Хайдеггера могла бы отождествиться с «мастерской» – но само применение термина «мастер» к Хайдеггеру двусмысленно, поскольку мастерство все еще удачно укладывалось в логику редкости и обычности, – оно возможно только там, где обычное еще не стало слишком обычным и действительно серийным, где редкому ничего не угрожает, то есть это уникальность, осуществляющаяся безо всяких дополнительных средств, без кабинетов и т. п., особость, не требующая изоляции. Тогда как сама конструкция кабинета в качестве рубки или точки наблюдения уже указывает на то, что мастерская Хайдеггера – не столько цеховое пространство производства, сколько лаборатория[49] или обсерватория, из которой удобно обозревать окрестности, точно так же как из хижины Хайдеггера открывается удивительно четкий вид не только на Германию, но и на Америку, Россию, да и на всю мировую историю в целом. Очевидная двусмысленность предприятия Хайдеггера в том, что его формально модернистский жест – воспроизводящий «великое» произведение, которым, по мнению самого Хайдеггера, «Бытию и времени» стать все же не удалось и компенсировать неудачу которого должны «Вклады» и, видимо, «Черные тетради», как и другие «эзотерические» работы после «поворота», – и есть жест, обличающий в конечном счете истину модерна как истину махинации. Но такое противоречие следует считать, скорее, каноническим, и вопрос в том, как оно уточняется и разрабатывается у Хайдеггера. Сами условия возможности выглянуть из хижины как рубки капитана уже говорят о модернистской, модернизирующейся прозрачности, связности, маршрутизации взгляда, которая одновременно помогает Хайдеггеру и обличается им в качестве конечного (катастрофического) следствия истории бытия: легкость текстуального сообщения в тексте Хайдеггера разных инстанций, фигурантов, эпох и т. п., сама является следствием все большей медиации и калькуляции, своего рода телефонизации, электрификации и радиофикации его «произведения», в котором он начинает выполнять роль «центральной станции», радиоточки (что противоречит декларируемым намерениям).
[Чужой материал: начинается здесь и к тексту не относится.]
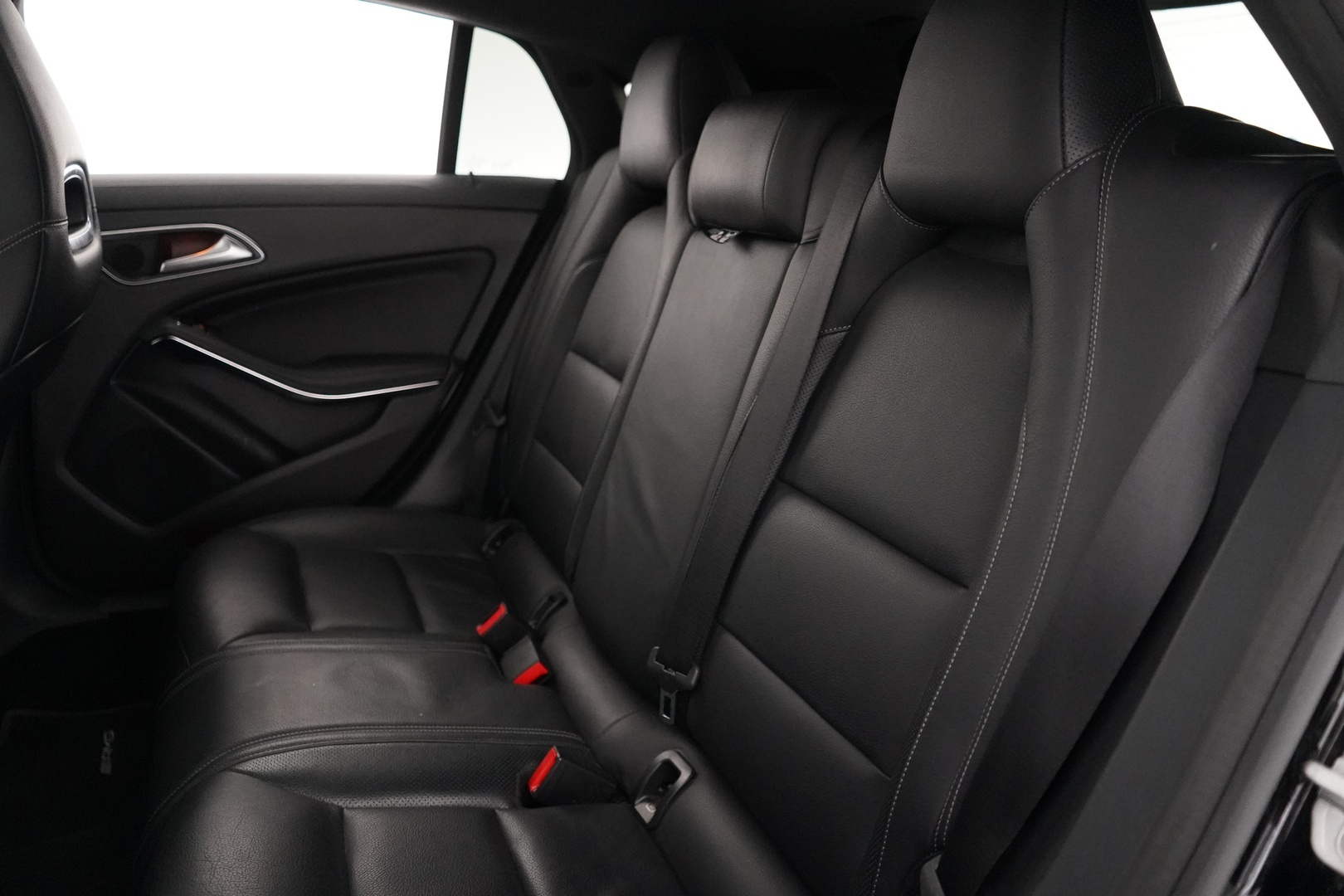 MERCEDES-BENZ CLA 2016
Та же самая двусмысленность обнаруживается в попытке породить редкое – великое (ein Großes
) – произведение (в следующем, 103-м отрывке из «Размышлений V» Хайдеггер тут же переходит к обсуждению произведения, Werk, Ницше, которое, будучи выполненным в «Воле к власти», оказывается произведением вопреки свой фрагментарности и, возможно, подложности[50]), встраивая его в цепочку более и менее эзотерических прекурсоров: университетских лекций, выступлений, заметок к семинарским занятиям, предварительных работ, размышлений и эссе, курса о Гёльдерлине и собственно «произведения» «О событии» («Вкладов в философию»)[51]. В этом ряду характерным моментом является то, что письменный текст, создающийся втайне от публики (Хайдеггер подчеркивает противоположность лекционных курсов, посвященных исключительно «экзегезе», и секретного труда, производимого в одиночестве), оказывается наиболее эзотерическим; этим, по сути, переворачивается древнегреческая модель, актуализированная в современной концепции об эзотерическом учении Платона, которое сохранялось внутри Академии в форме устной традиции. Уже в первом приближении понятно, что письменный текст, служивший древнегреческим философам всего лишь предварительным материалом, методичкой или даже рекламной листовкой, у Хайдеггера систематически занимает центр эзотерического учения – да и как, казалось бы, могло быть иначе? Сама позиция «труда», примером которого выступает «Воля к власти», является для Хайдеггера самоочевидной, что не вполне согласуется с привилегией древнегреческой философии в его собственных текстах. Траектория публикации собрания сочинений Хайдеггера не расходится поэтому с современными стратегиями публикаций семинаров других auteurs: семинар (Лакана, Фуко, Деррида и т. д.) находит свое завершение исключительно в печатной, публичной форме, которая и превращает его в произведение, в случае Лакана – важнейшее. В самой оппозиции секретности/письменности/произведения и публичности/устности/экзегезы первый полюс всегда перевешивает другой, задавая направление движения.